É a penúria a escancarar as entranhas da crise e a demonstrar a falência dos megalómanos projectos rodoviários com que políticos de todos os quadrantes partidários comprometeram o futuro do país. Os números são eloquentes. O tráfego de veículos ligeiros nas AE tem-se reduzido dramaticamente. O cenário de auto-estradas desertas é confrangedor. O investimento de milhares de milhões de euros foi absolutamente suicidário e está a resultar num prejuízo escandaloso para os contribuintes.
É, escusadamente, o horror instituído num país onde uma boa e coerente rede de vias rápidas - incomparavelmente mais consentâneas com as características nacionais, tanto a nível dos limitadíssimos recursos como da própria geografia - teria resolvido os grandes problemas de trânsito e circulação de pessoas e de mercadorias.
Quem isto mesmo escreveu e propôs, enquanto Ministro da Economia dos II e III Governos Provisórios, foi Rui Vilar, alguém que, na verdade, tem estofo de homem de Estado e que, há quase quarenta anos, percebeu não ser este o caminho das soluções para a rodovia portuguesa. Enfim, não era solução que pudesse enquadrar as estupendas negociatas que as auto-estradas sempre acobertam…
Muito recentemente, com o caso da empresa Tecnovia, que estará prestes a dispensar cerca de 500 trabalhadores, voltou à carga o discurso da pseudonecessidade de construção daquela AE entre Sines e Beja que nos custaria bem mais do que mil milhões. Veja-se como empresários e autarcas coincidem no mesmo irresponsável discurso… Partindo do princípio de que se tratará de um eixo primordial, ligando Sines ao interior da Península, a ninguém terá passado pela cabeça a solução da via rápida? E a ferrovia, vai ou não vai avante?
Claro que ficamos preocupadíssimos com mais esta perspectiva de desemprego que atingirá centenas de famílias. No entanto, precisamente a propósito deste sector, já se chegou à conclusão de que até nem sobra mão-de-obra se esta for afecta à beneficiação e reconstrução do gigantesco e degradado parque imóvel nacional, através de pequenas e médias empresas, dinamizadoras do tecido social. Se o horror que estamos a viver já é totalmente insuportável, porque não vemos passos decisivos neste sentido?

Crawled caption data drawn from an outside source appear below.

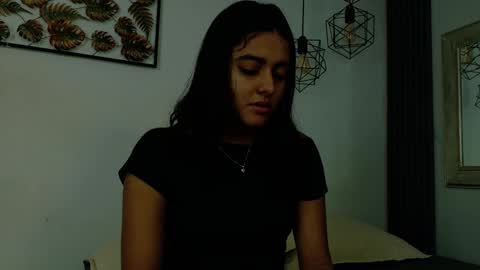 Naty  online show from December 1, 2025, 11:59 am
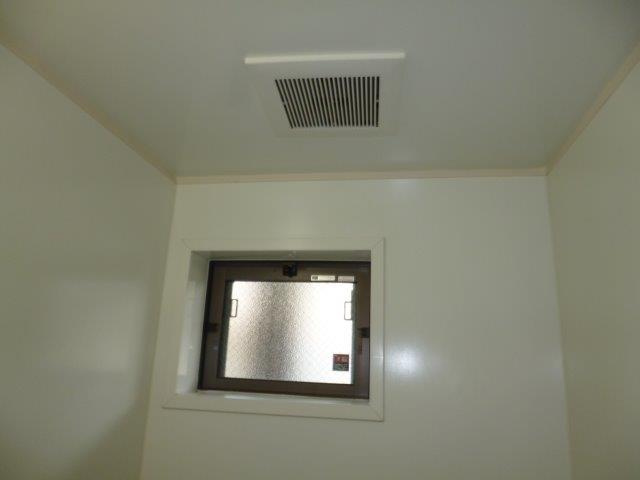 ソレイユ水江の浴室|浴室窓・換気扇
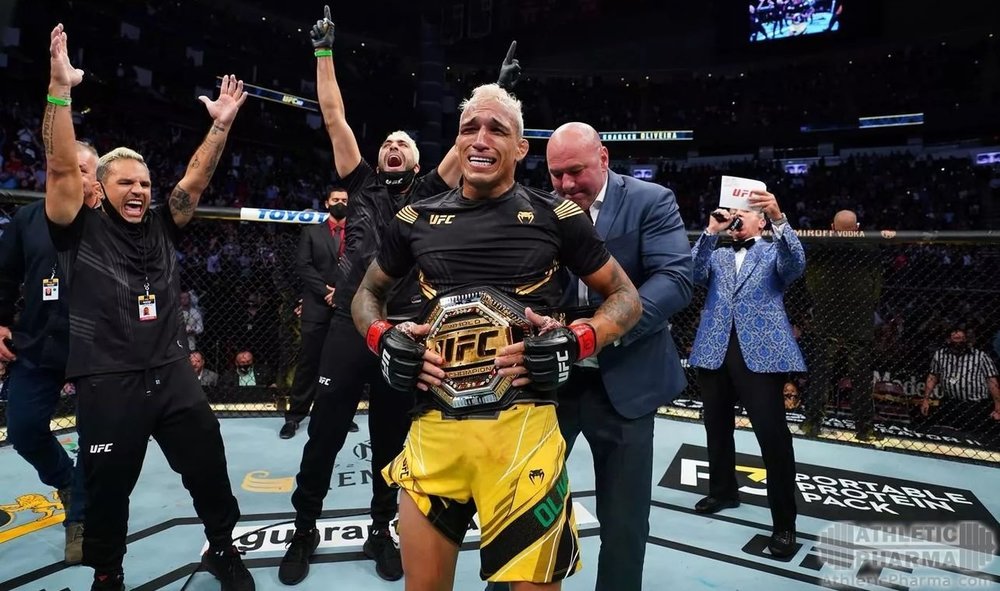 Бразилец Чарльз Оливейра, чемпион легкого веса UFC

Mas, em geral, o que podemos nós esperar do gabarito dos decisores políticos que temos elegido, ou seja, de gente que, a montante, com a maior incompetência, ignorou os sinais da crise global e nos conduziu ao descalabro do estado de bancarrota e, a jusante, de desqualificados pseudoliberais que, nem por sombras, conseguem entender a situação que era suposto dominar e, muito menos, alterar de acordo com soluções justas e oportunas?
Infelizmente, cumpre assumir que, só na aparência, estão funcionando com regularidade as instituições do Estado Democrático de Direito. Nem o Presidente da República exerce o «magistério» que dele se espera, nem o Parlamento legisla e controla a actividade do Executivo, com a qualidade que os eleitores têm direito, nem o Governo toma as medidas que se impõem. Quanto ao Poder Judicial, com os seus calamitosos atrasos, é o que se sabe e, em relação ao designado «quarto poder», o da comunicação social livre, chegou-se a um ponto verdadeiramente preocupante.